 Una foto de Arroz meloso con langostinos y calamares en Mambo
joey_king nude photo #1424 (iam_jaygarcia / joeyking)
---
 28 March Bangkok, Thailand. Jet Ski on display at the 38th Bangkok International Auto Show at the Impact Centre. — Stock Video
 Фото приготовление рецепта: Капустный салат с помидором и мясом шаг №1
* * *
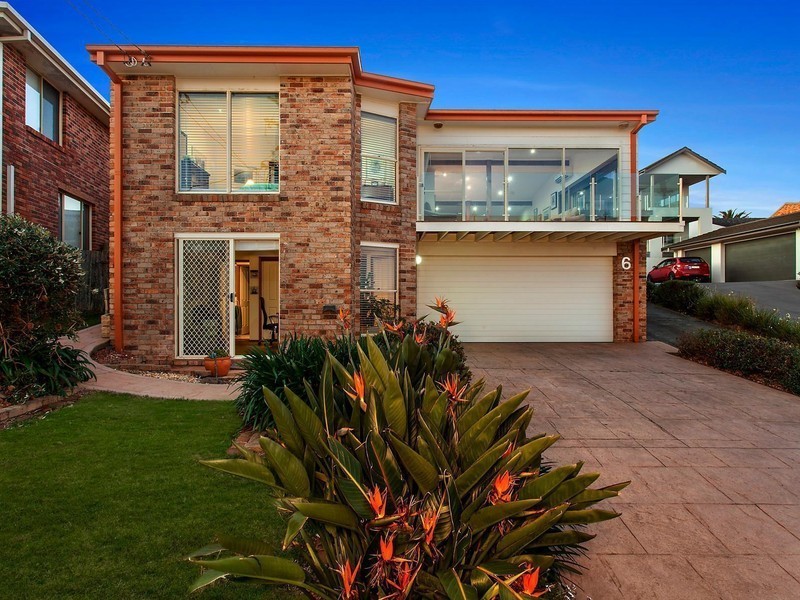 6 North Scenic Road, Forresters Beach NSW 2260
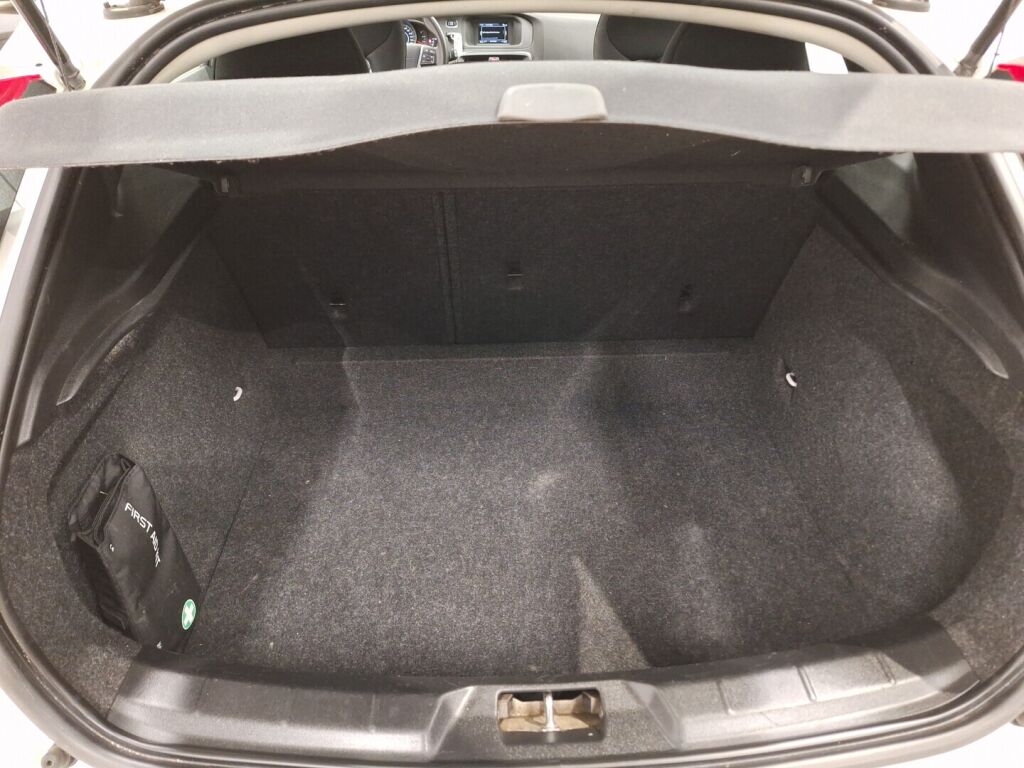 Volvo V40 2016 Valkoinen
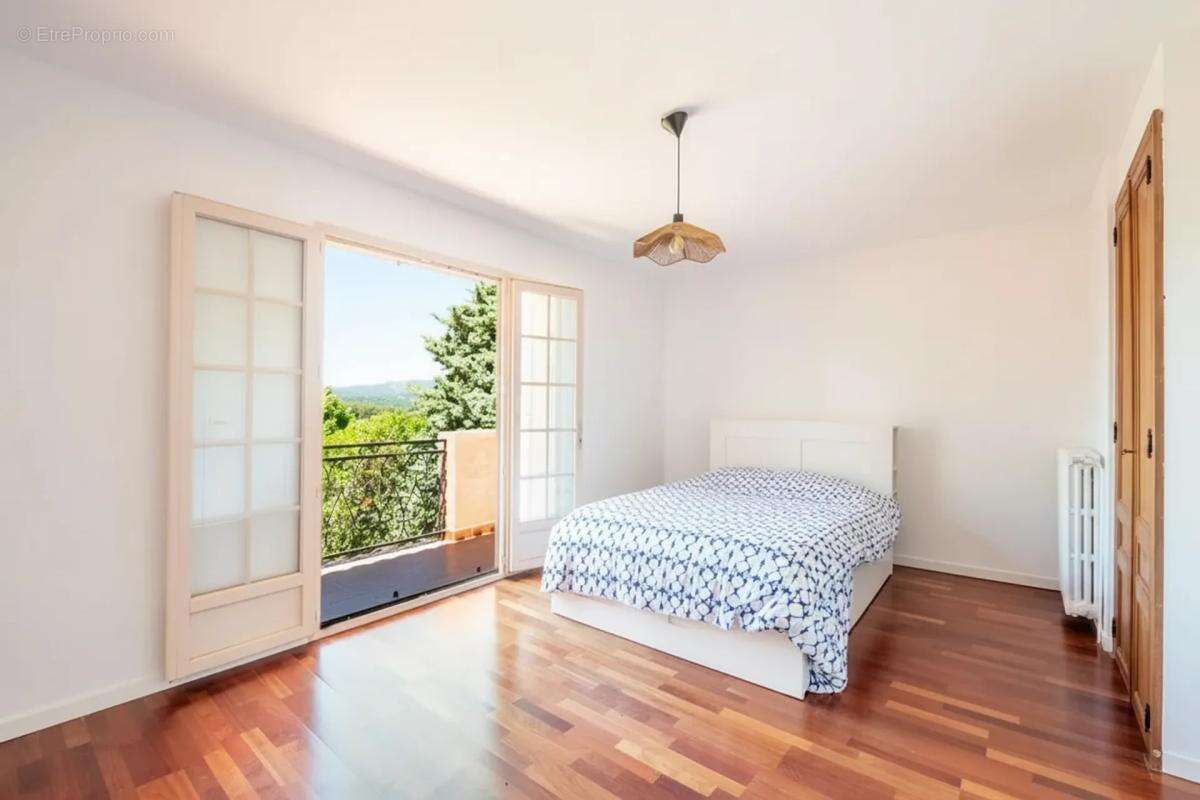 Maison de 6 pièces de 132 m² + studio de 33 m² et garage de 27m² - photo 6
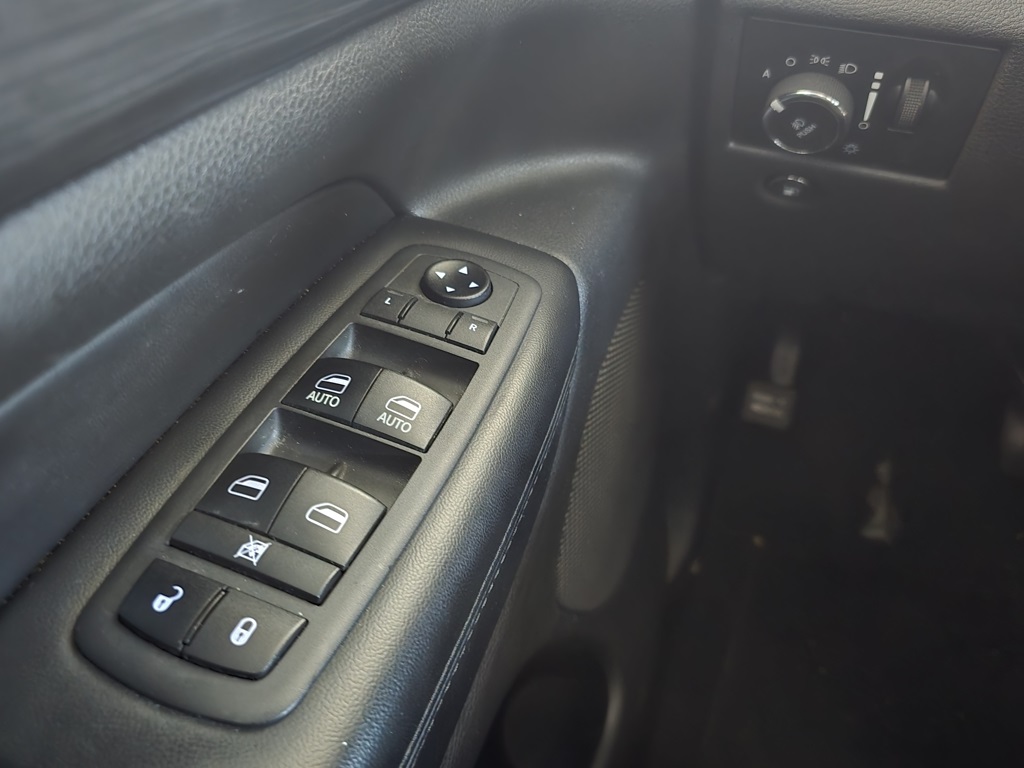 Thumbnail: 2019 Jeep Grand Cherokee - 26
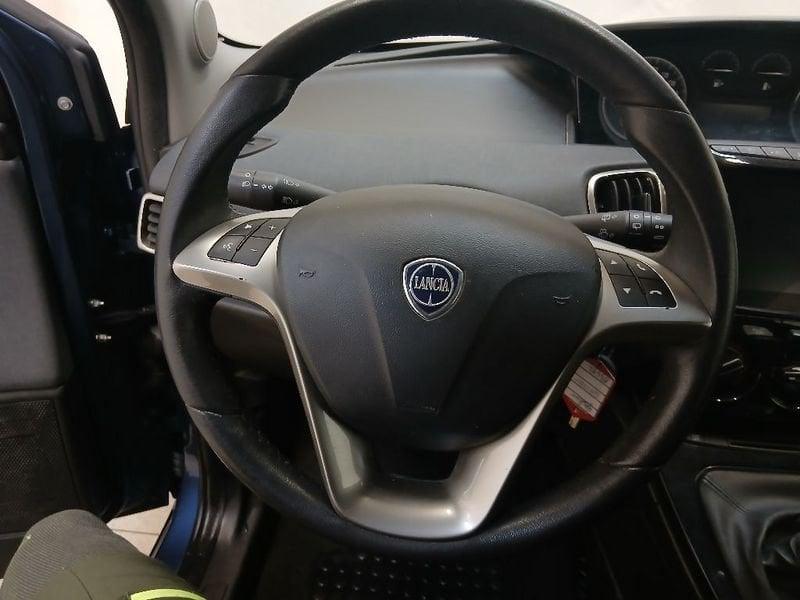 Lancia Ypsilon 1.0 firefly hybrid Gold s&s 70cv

### Instructions for the task
Pictures in the entries do not go into the copy. Print only the lines starting at the one containing "6 North Scenic" and ending at the one containing "Lancia Ypsilon 1.0", exactly as they appear.

### Response to this exercise
 6 North Scenic Road, Forresters Beach NSW 2260
 Volvo V40 2016 Valkoinen
 Maison de 6 pièces de 132 m² + studio de 33 m² et garage de 27m² - photo 6
 Thumbnail: 2019 Jeep Grand Cherokee - 26
 Lancia Ypsilon 1.0 firefly hybrid Gold s&s 70cv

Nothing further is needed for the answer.